Ontvangen 27 oktober 2021
De ondergetekende stelt het volgende amendement voor:
In artikel I wordt voor onderdeel A een onderdeel ingevoegd, luidende:
0A
Artikel 1.2 wordt als volgt gewijzigd:
1. Aan het eerste lid, onderdeel h, wordt toegevoegd «en de waarde zoals die is vastgesteld voor 2021, indien deze waarde lager is dan de voor dat kalenderjaar vastgestelde waarde dan wel lager dan dat bedrag».
2. In het derde lid wordt «bij ministeriële regeling gewijzigd» vervangen door «bij ministeriële regeling verlaagd» en wordt toegevoegd «, indien het gemiddelde van die waarden is gedaald».
Dit amendement heeft tot doel om de invloed van de WOZ-waarde op de hoogte van de verhuurderheffing te bevriezen. Indiener is van mening dat zolang de verhuurderheffing niet is afgeschaft de heffing in ieder geval niet mag stijgen. Jaarlijks zien we dat de verhuurderheffing blijft toenemen doordat de WOZ-waarde van het onroerend goed blijft stijgen. Niet alleen zorgt dit ervoor dat er minder betaalbare woningen kunnen worden gebouwd het verminderd ook nog eens de effectiviteit van kortingen die gegeven worden op de verhuurderheffing.

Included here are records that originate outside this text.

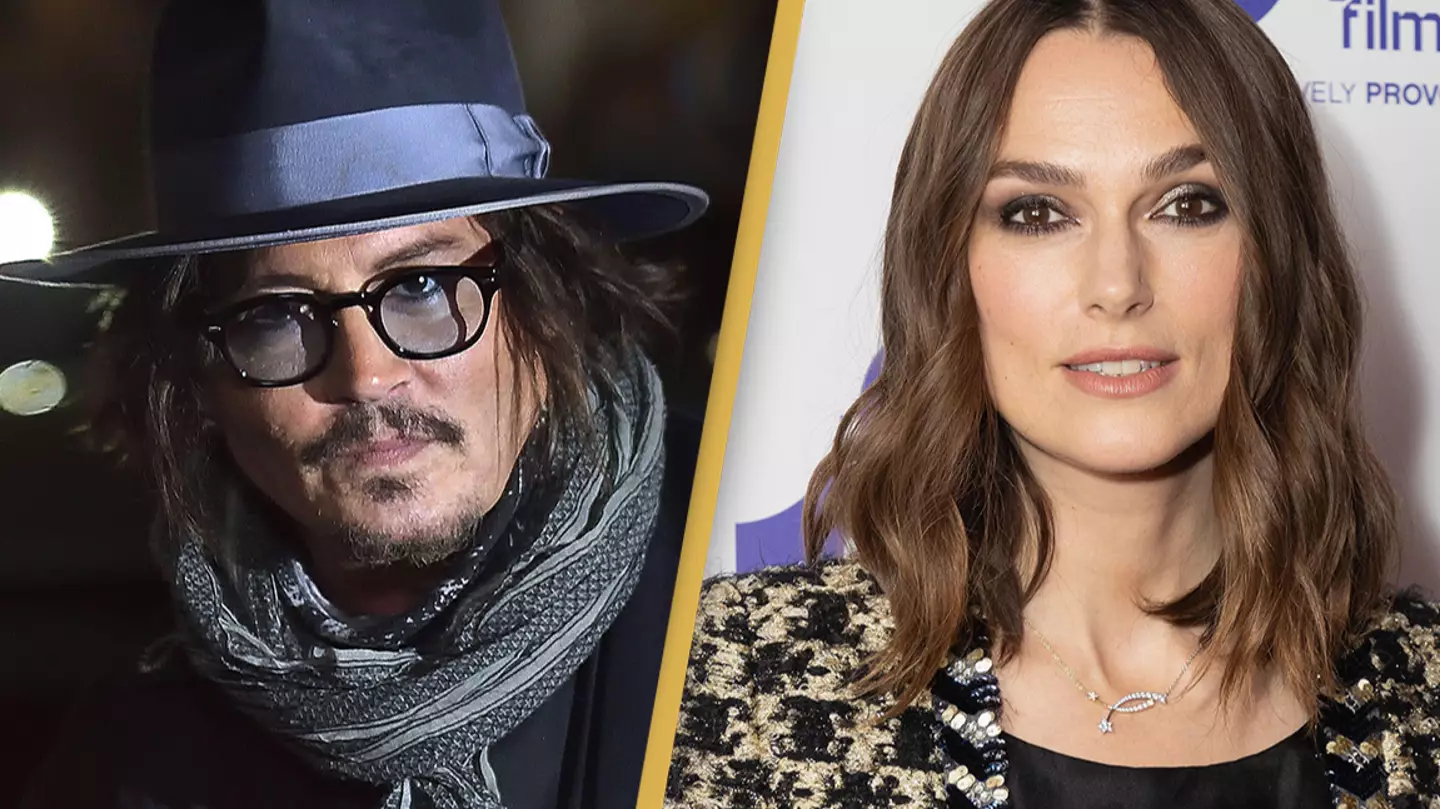 Johnny Depp said kissing Keira Knightly was 'unbelievably awkward' during fan-favorite scene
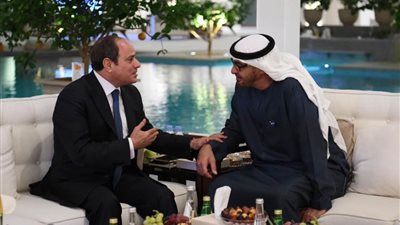 عاجل| السيسي ومحمد بن زايد يتوافقان على مواصلة الجهد المشترك للدفع نحو تسوية أزمات المنطقة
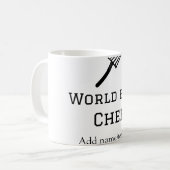 Mug Meilleur chef du monde ajouter nom texte cuisine m (Devant gauche)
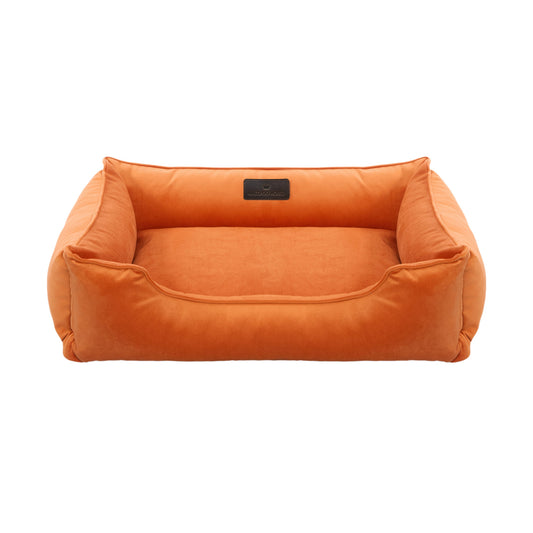 Maltipoo World Fabric Lounger, Terracota Velours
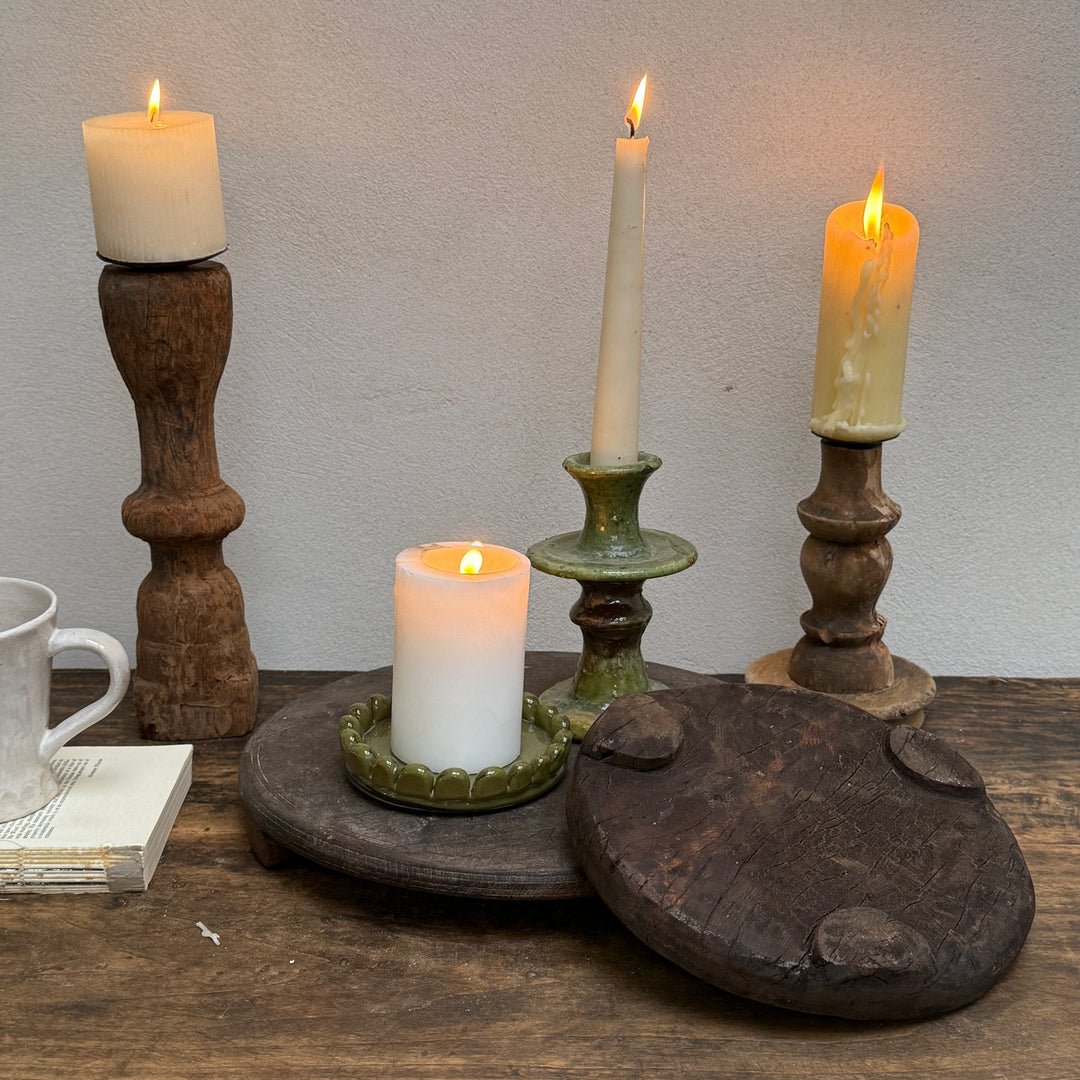Vintage Wooden Chapati Plate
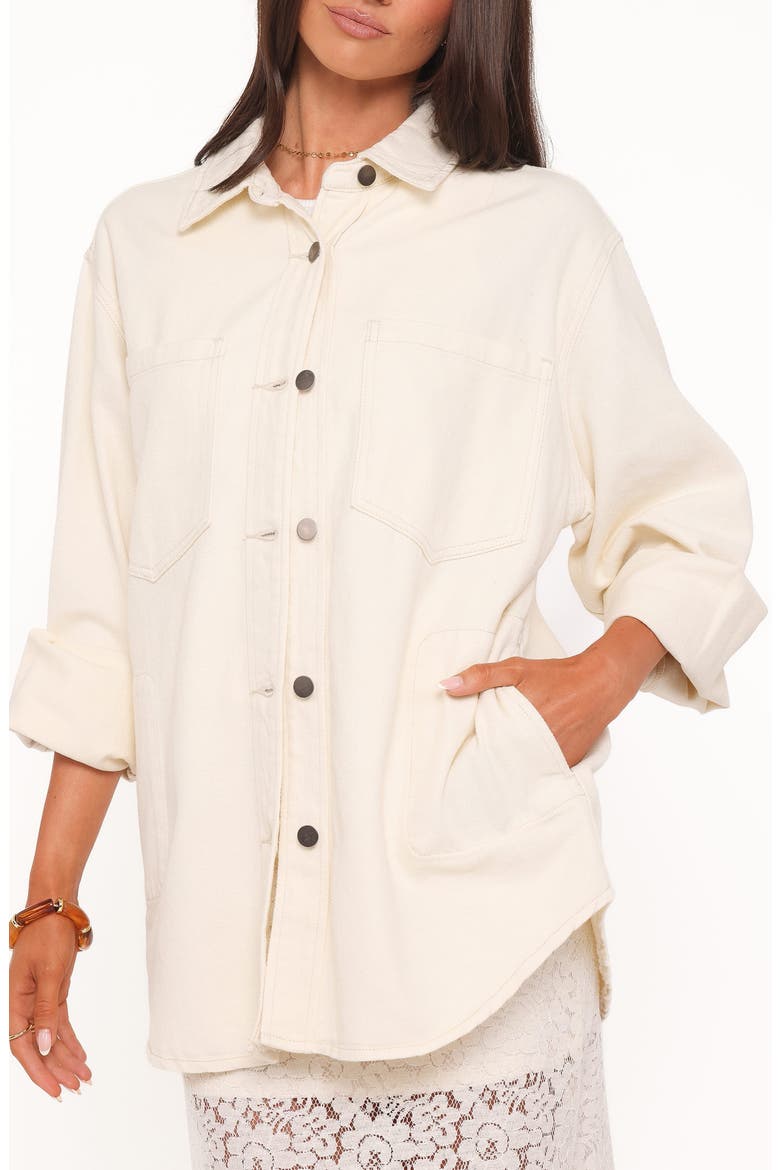 Toto Denim Shacket, Alternate, color, IVORY
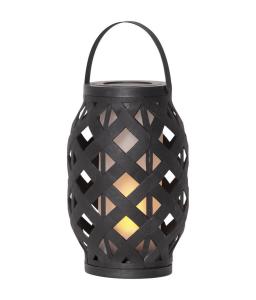FLAME LANTERN Lykta Utomhus 23cm Svart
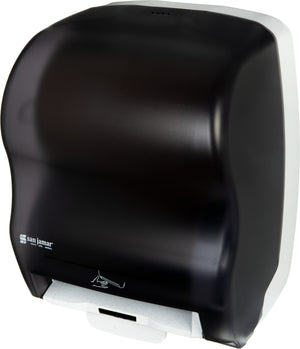 Dispensador electrónico híbrido de toallas San Jamar negro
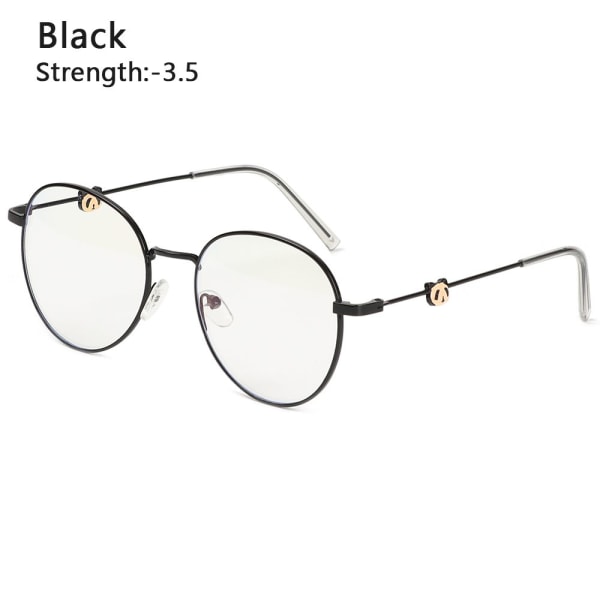 Nærsynthetsbriller Vintage Eyeglasses Flat Mirror Eyewear SVART -3.5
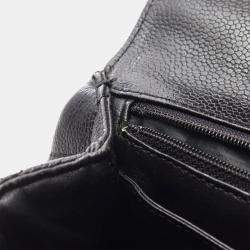 Pre Owned Chanel Matelasse Handbag Calfskin Black Ghw Cc Coco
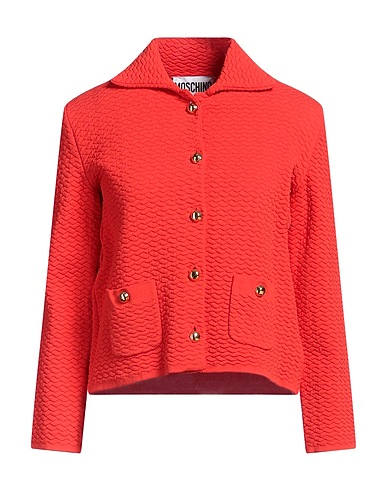 MOSCHINO Jacket COUTURE Tomato red 100% Polyamide, Elastane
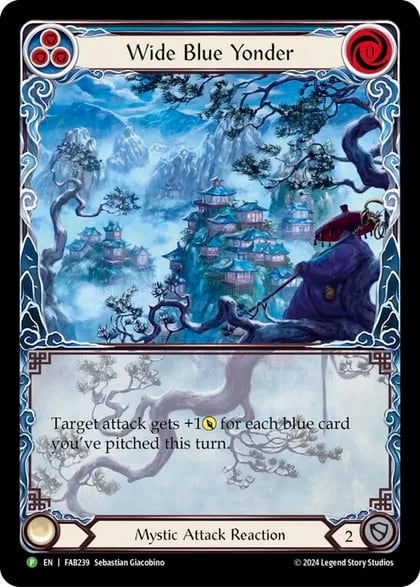 Wide Blue Yonder - FAB239, Flesh and Blood: Promo Cards FAB239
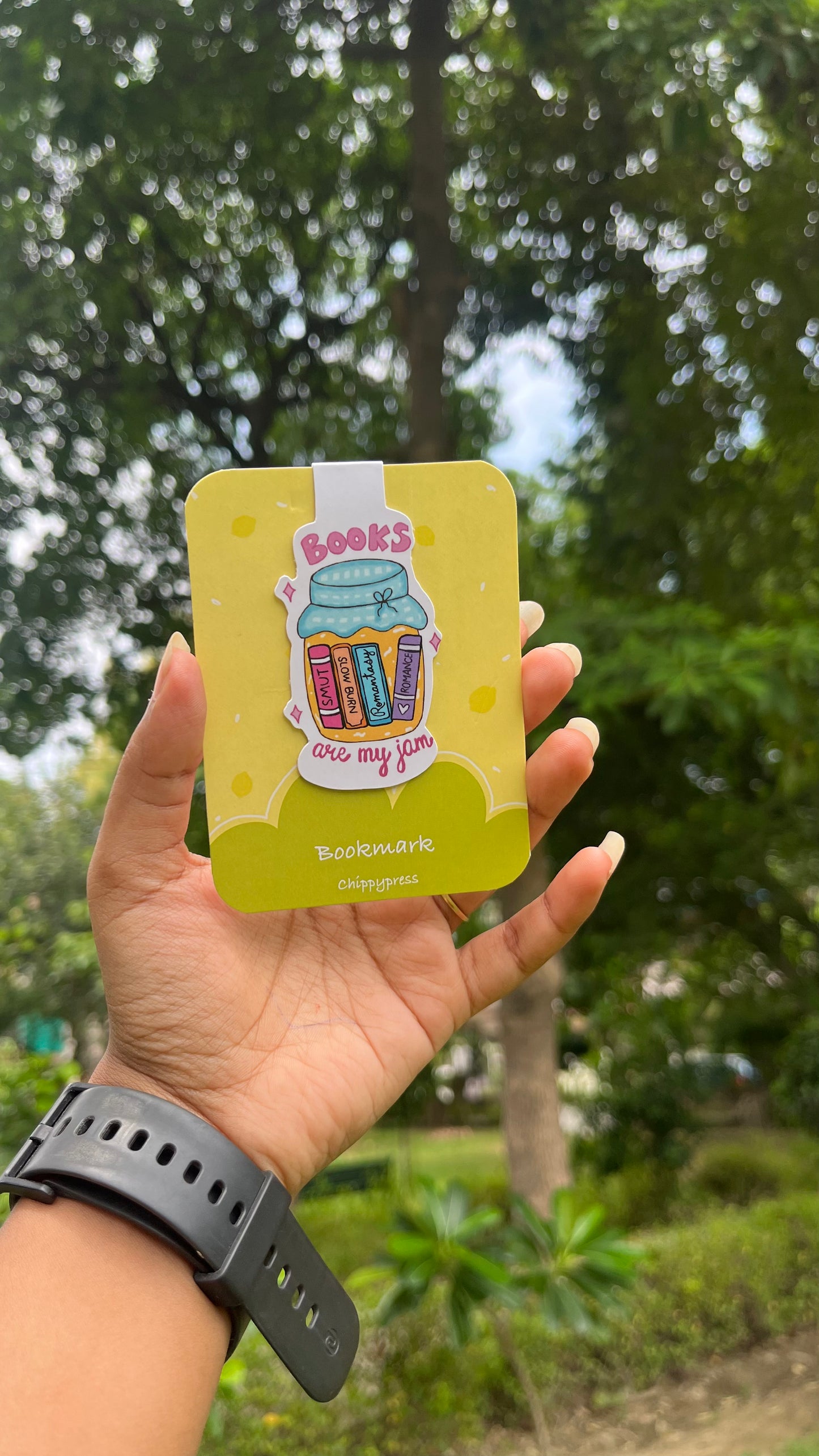 books are my jam magnetic bookmark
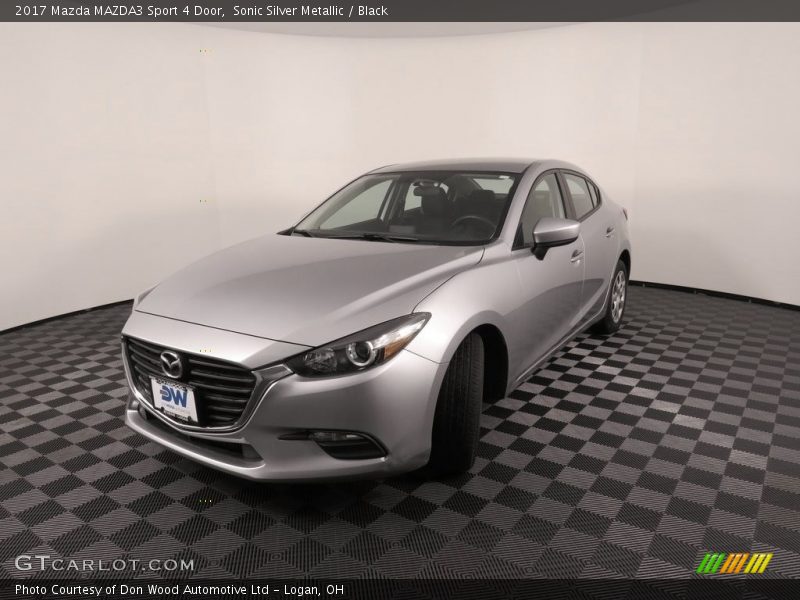 Sonic Silver Metallic / Black 2017 Mazda MAZDA3 Sport 4 Door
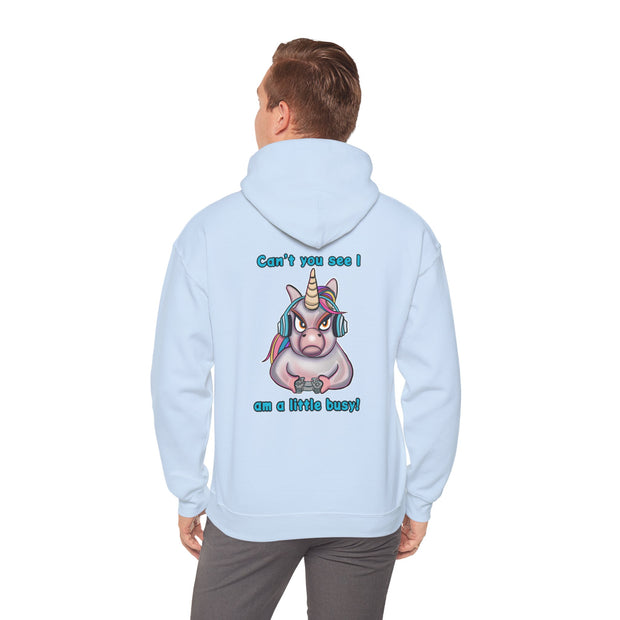 Busy Gaming Unicorn Unisex Heavy Blend™ Hooded Sweatshirt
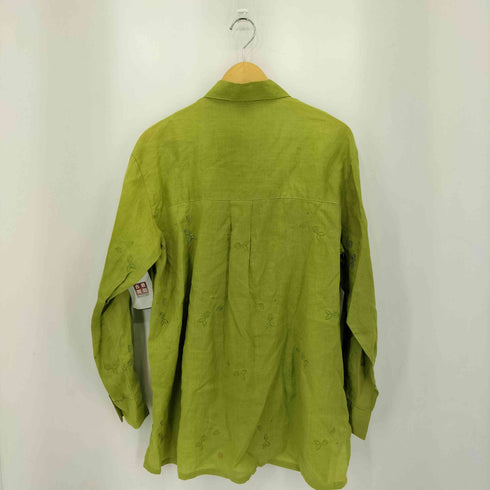 Ann Gerlin 花柄刺繍 リネン L/S シャツ メンズ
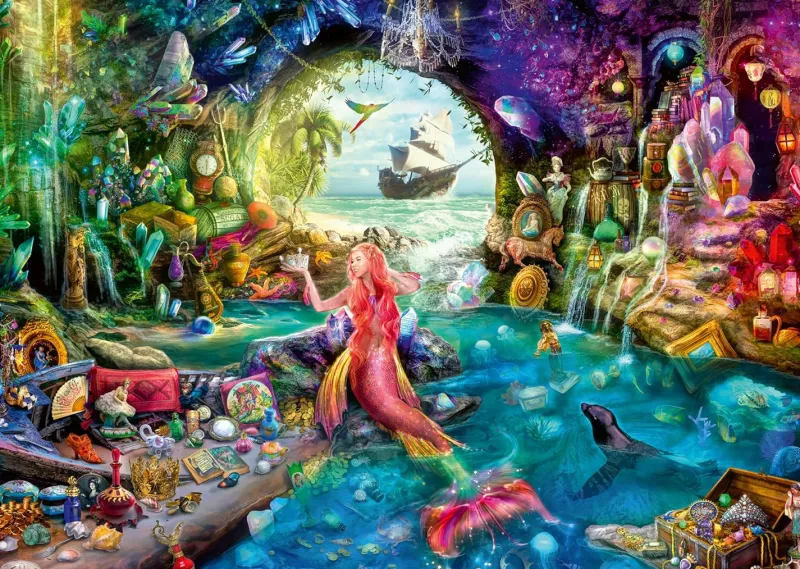 Ravensburger ** Pre-Order ** - Mermaids Treasure - 1000 Piece Fashion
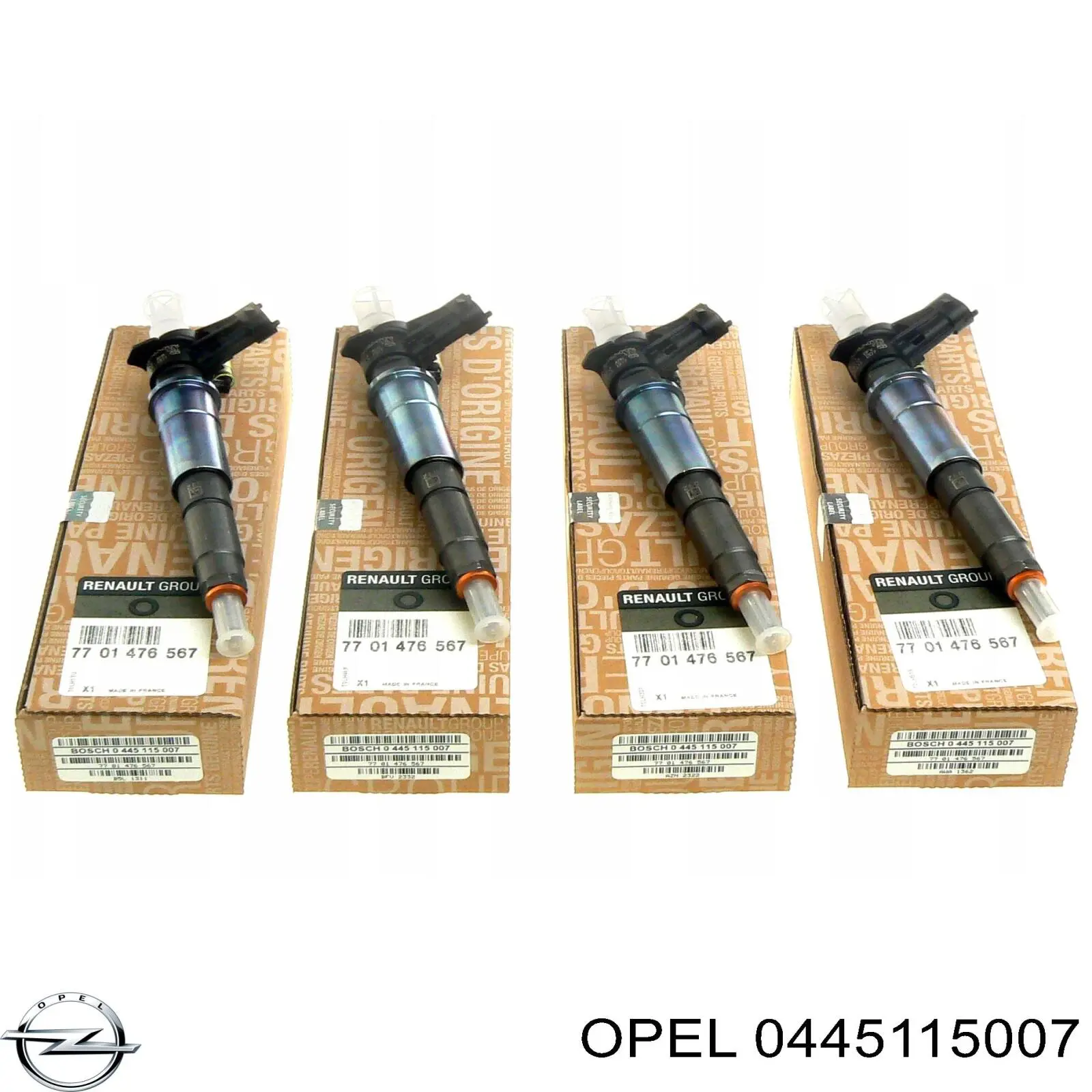 0445115007 BMW Wtryskiwacz paliwa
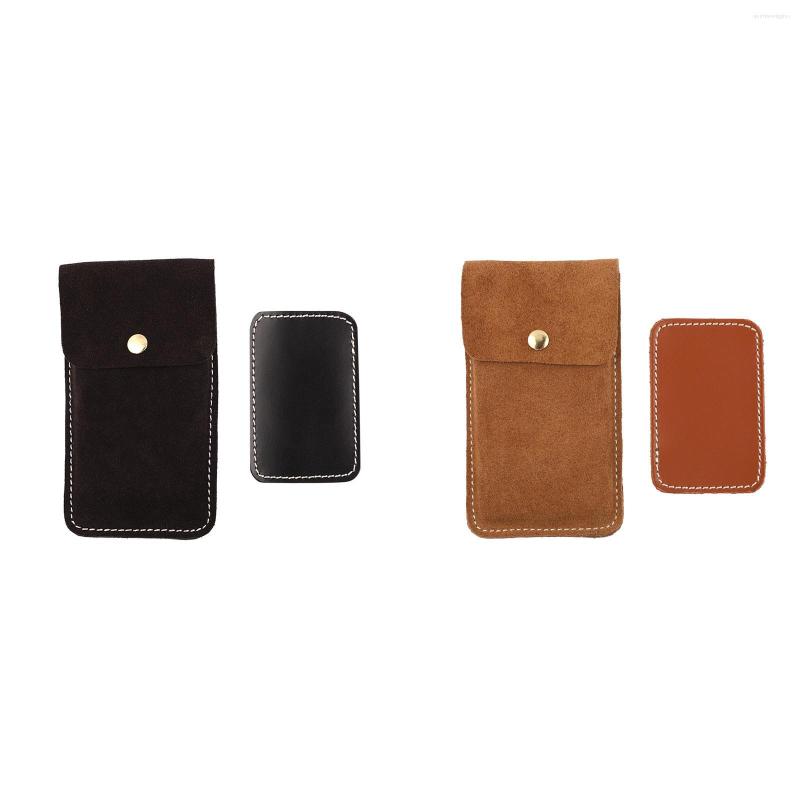 

Watch Boxes Pouch Collect Portable Case PU Leather Storage Bag For Watches Jewelry Accessory Men Women Travelling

Het amendement bevriest het aandeel van de WOZ in de systematiek die wordt gehanteerd om de verhuurderheffing vast te stellen op de hoogte die in het jaar 2021 wordt gebruikt en die gebruik maakt van de waardepeildatum 1 januari 2020. Wel biedt dit amendement ruimte voor een lagere heffing, mochten WOZ-waarden gaan dalen.